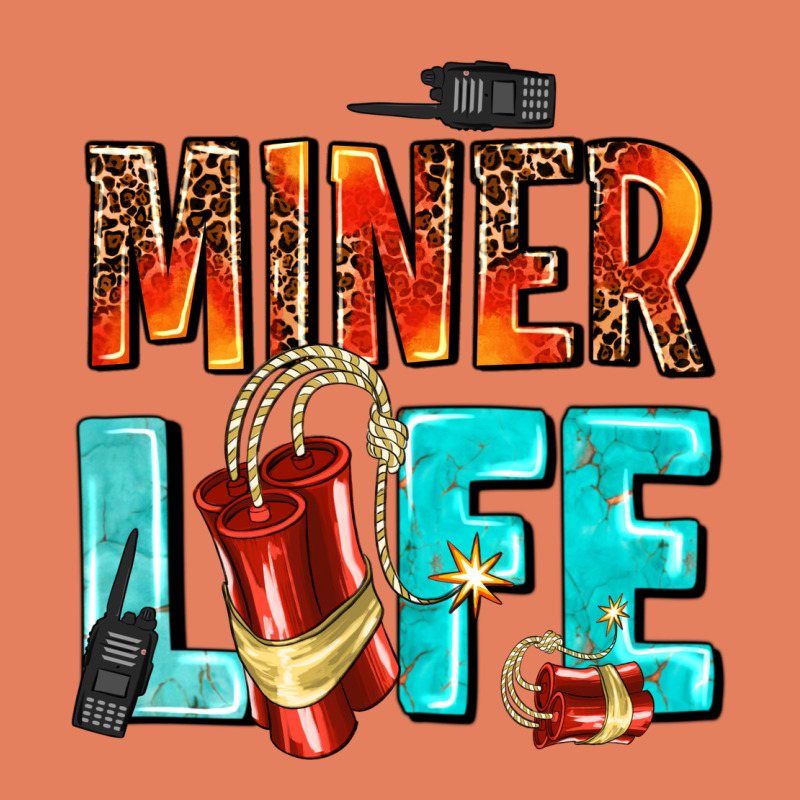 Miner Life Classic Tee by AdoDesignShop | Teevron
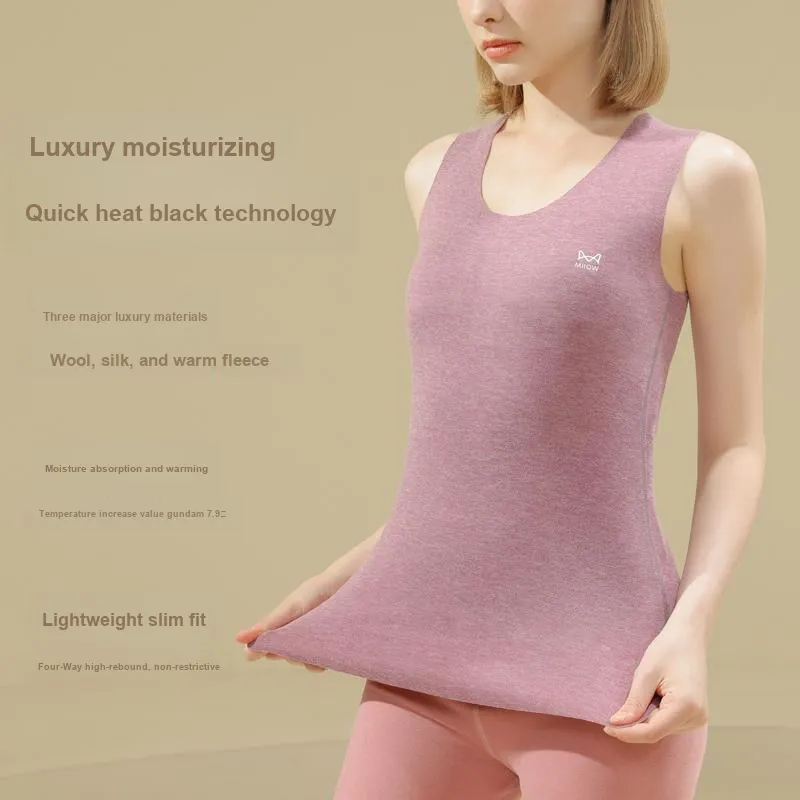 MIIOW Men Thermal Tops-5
==
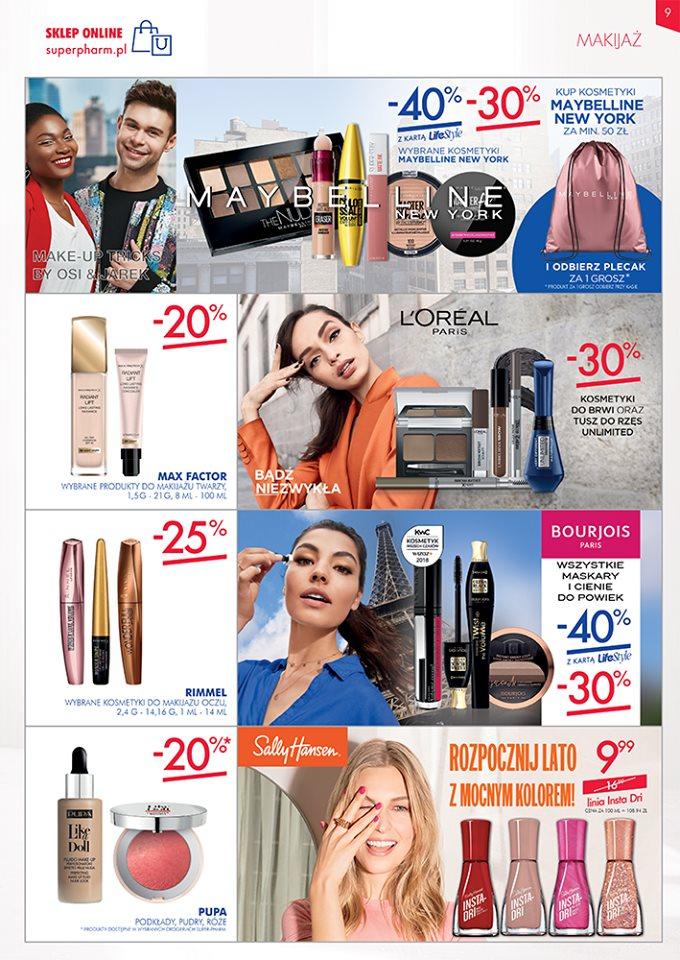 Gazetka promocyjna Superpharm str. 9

-- Work to be completed --
In the data above, retype only the stretch from the line with "Miner Life Classic" through the line with "MIIOW Men Thermal Tops-5", word for word, and skip any pictures.

-- Answer to the exercise --
 Miner Life Classic Tee by AdoDesignShop | Teevron
 MIIOW Men Thermal Tops-5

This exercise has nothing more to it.